* _Exercise material_
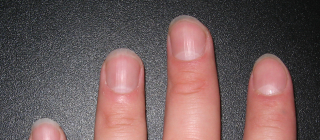 Why Do Nails Have Ridges? | Office for Science and Society - McGill University Why Do Nails Have Ridges? | Office for Science and Society - McGill University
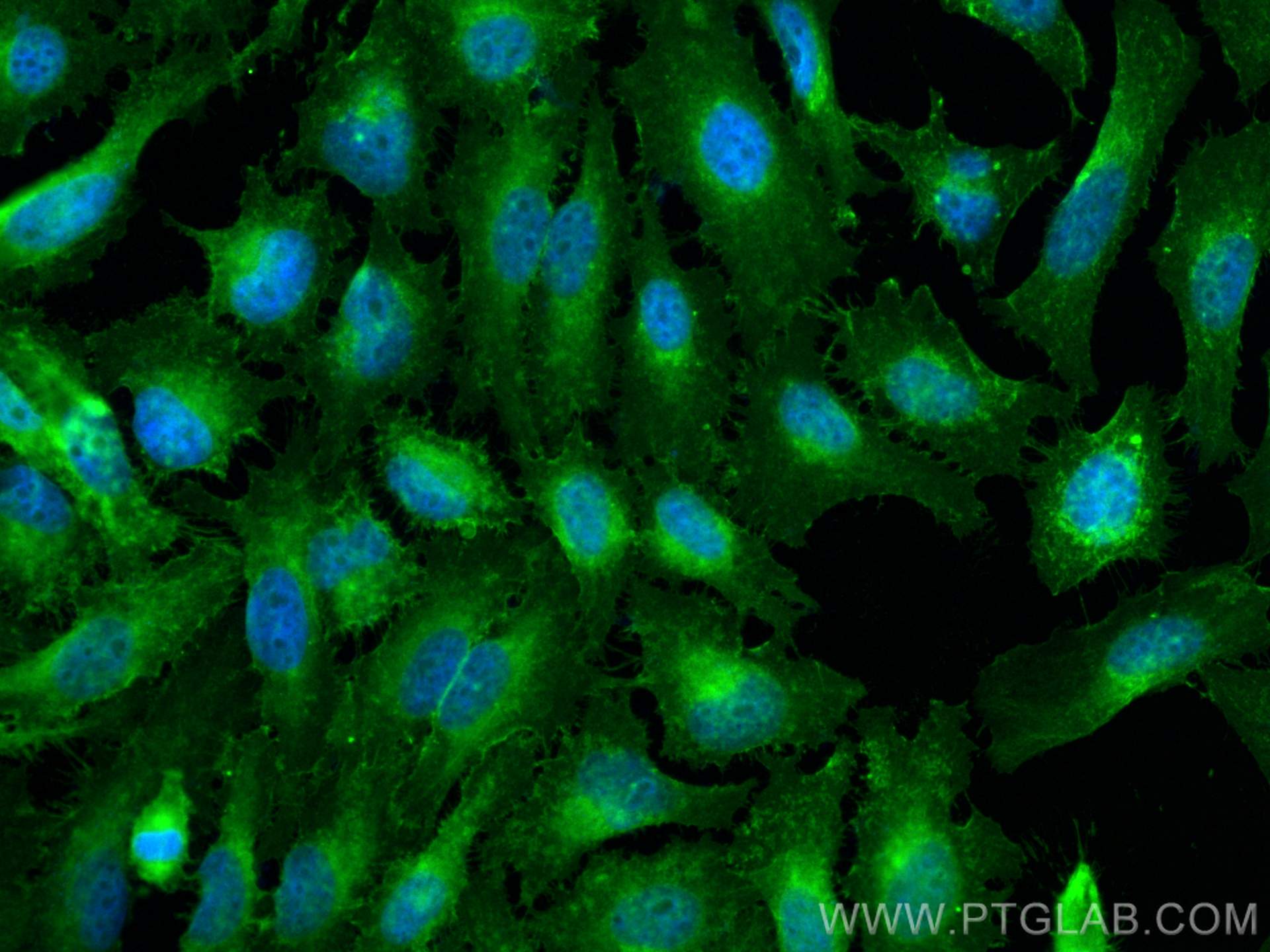 Immunofluorescence (IF) / fluorescent staining of HeLa cells using CD147 Polyclonal antibody (30880-1-AP)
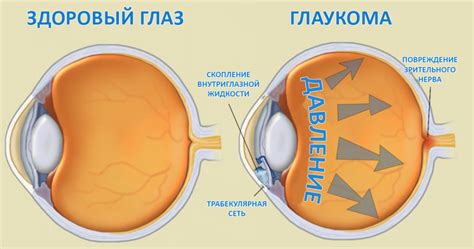 Важность здорового глаза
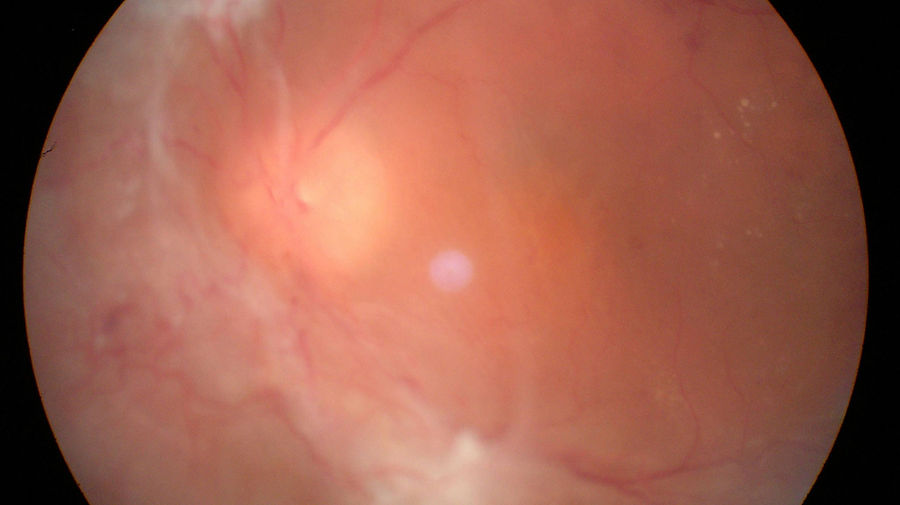 Ausgeprägtes Proliferationssegel bei fortgeschrittener proliferativer Diabetischer Retinopathie.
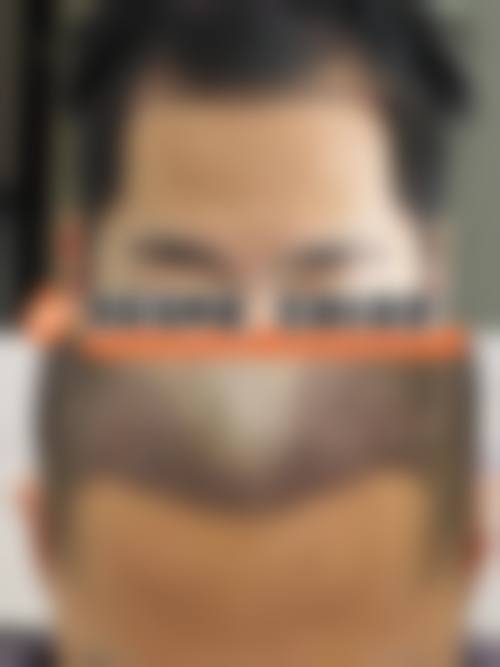 六、北京丽格稙云医疗美容诊所怎么预约：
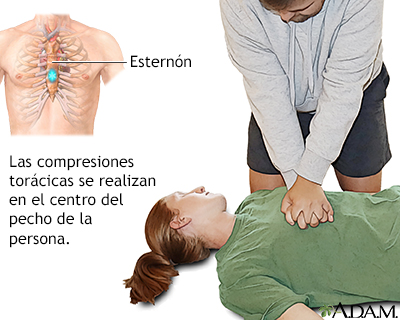La persona pierde el conocimiento La persona pierde el conocimiento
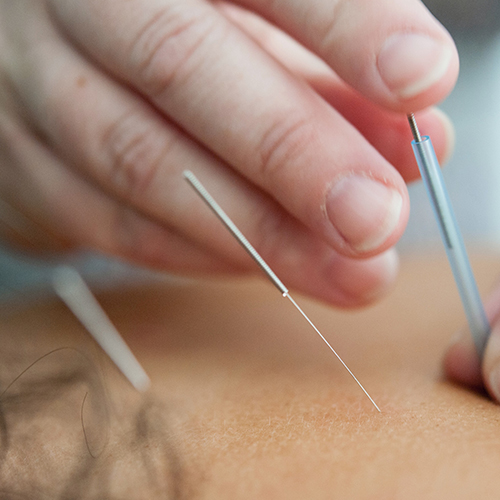 Acupuncture Optimum MacLeod Trail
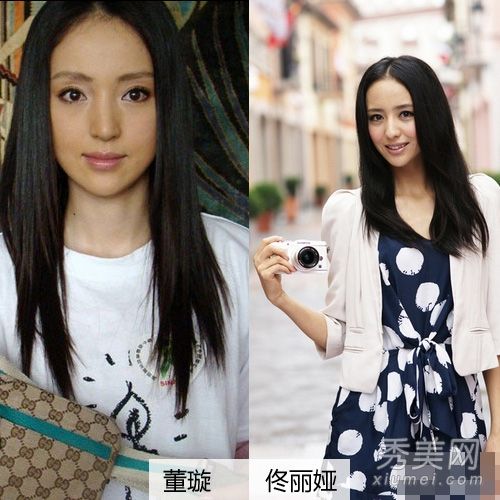 女演员整容组遭遇大S暗示张雨绮整容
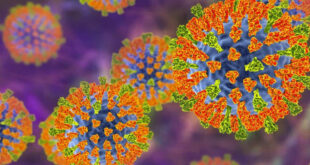 Alerta: baixa cobertura vacinal aumenta risco de novos surtos de sarampo no Brasil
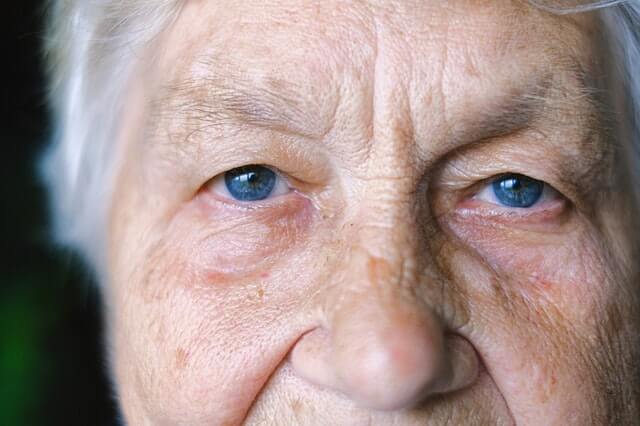 Dry Eyes As We Age Optometrist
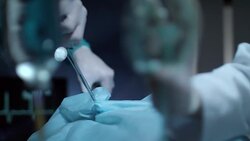 Surgeon patient breath oxygen mask during operation. Surgeons operating Stock Footage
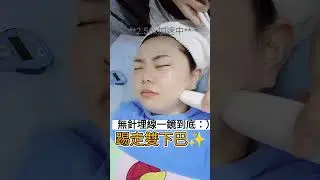Liftera-V lift無針埋線 SaMuu Beauty單次收費美容🌞✨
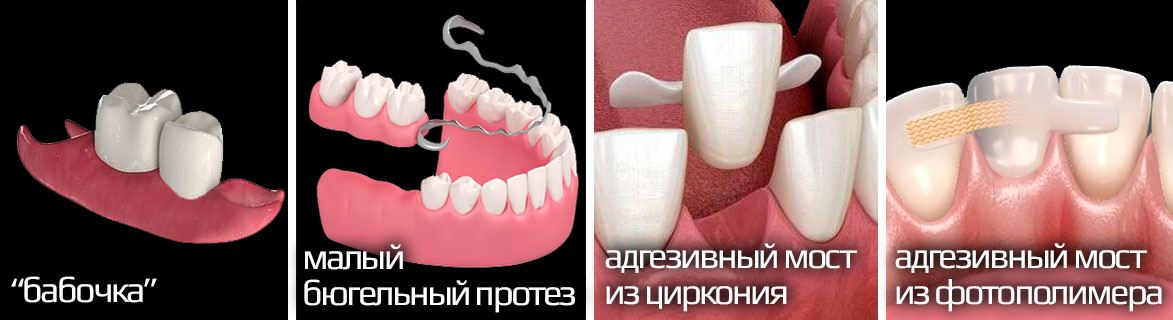 Как правильно называется щель между передними зубами?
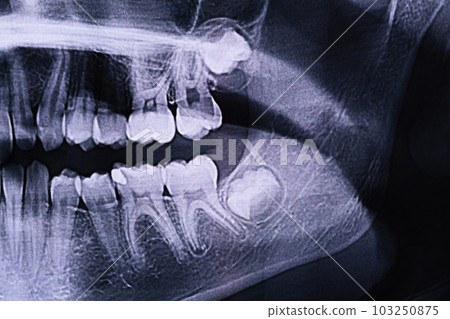 Panoramic X-ray of the jaw. X-ray of the teeth of a 12-year-old girl 103250875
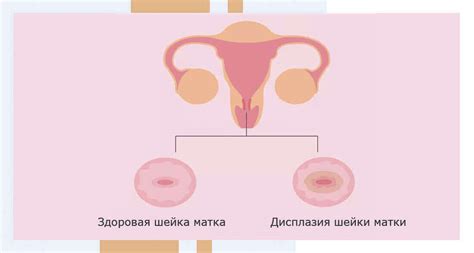 Роль вируса в окрестности шейки матки после родоразрешения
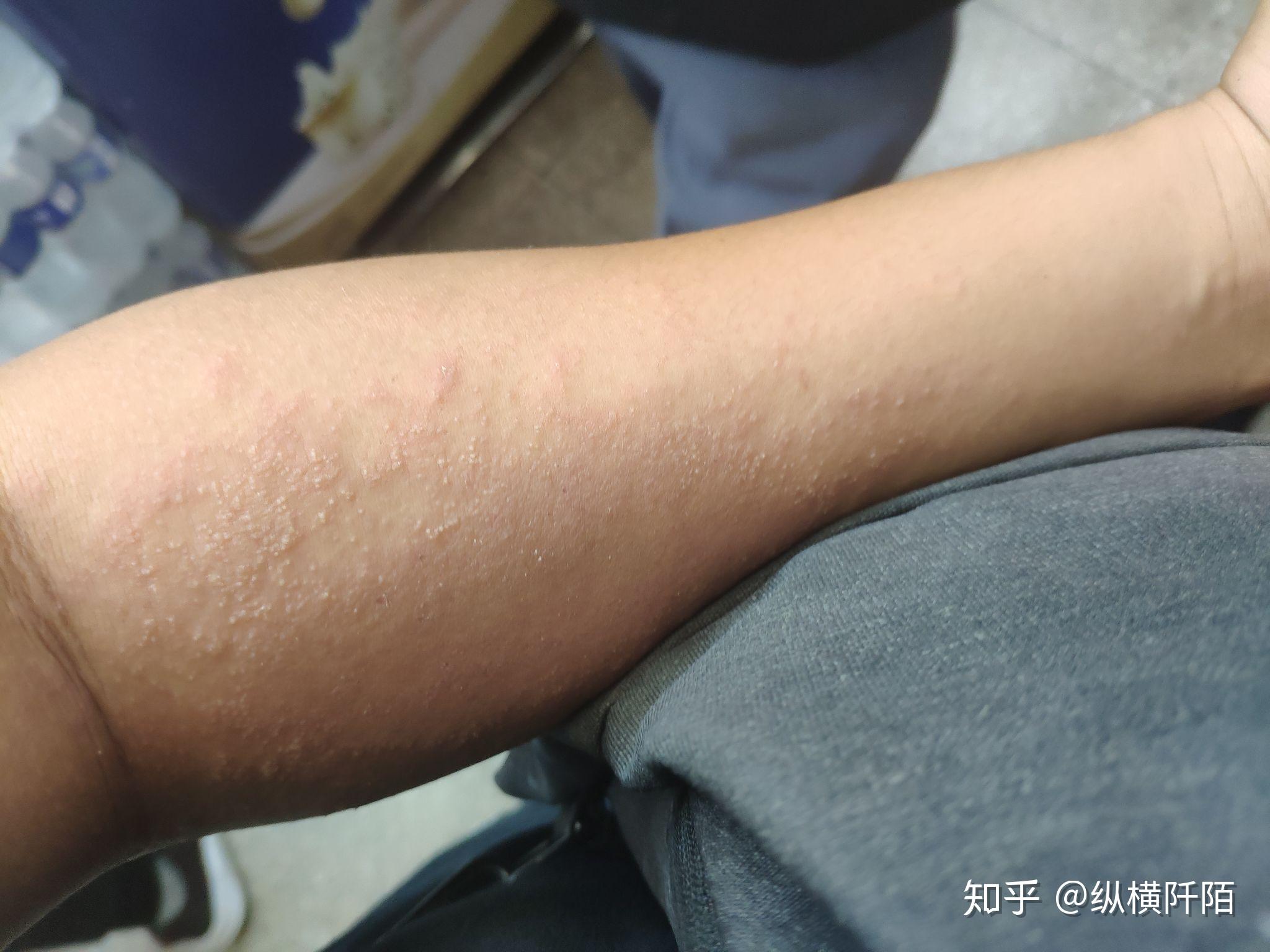 酒精过敏的人喝多了会怎么样?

* _Task statement_
Nothing should appear in the reply except the lines from the start of the listing above through the line with "Surgeon patient breath", repeated exactly and free of pictures.

* _Response to this task_
 Why Do Nails Have Ridges? | Office for Science and Society - McGill University Why Do Nails Have Ridges? | Office for Science and Society - McGill University
 Immunofluorescence (IF) / fluorescent staining of HeLa cells using CD147 Polyclonal antibody (30880-1-AP)
 Важность здорового глаза
 Ausgeprägtes Proliferationssegel bei fortgeschrittener proliferativer Diabetischer Retinopathie.
 六、北京丽格稙云医疗美容诊所怎么预约：
La persona pierde el conocimiento La persona pierde el conocimiento
 Acupuncture Optimum MacLeod Trail
 女演员整容组遭遇大S暗示张雨绮整容
 Alerta: baixa cobertura vacinal aumenta risco de novos surtos de sarampo no Brasil
 Dry Eyes As We Age Optometrist
 Surgeon patient breath oxygen mask during operation. Surgeons operating Stock Footage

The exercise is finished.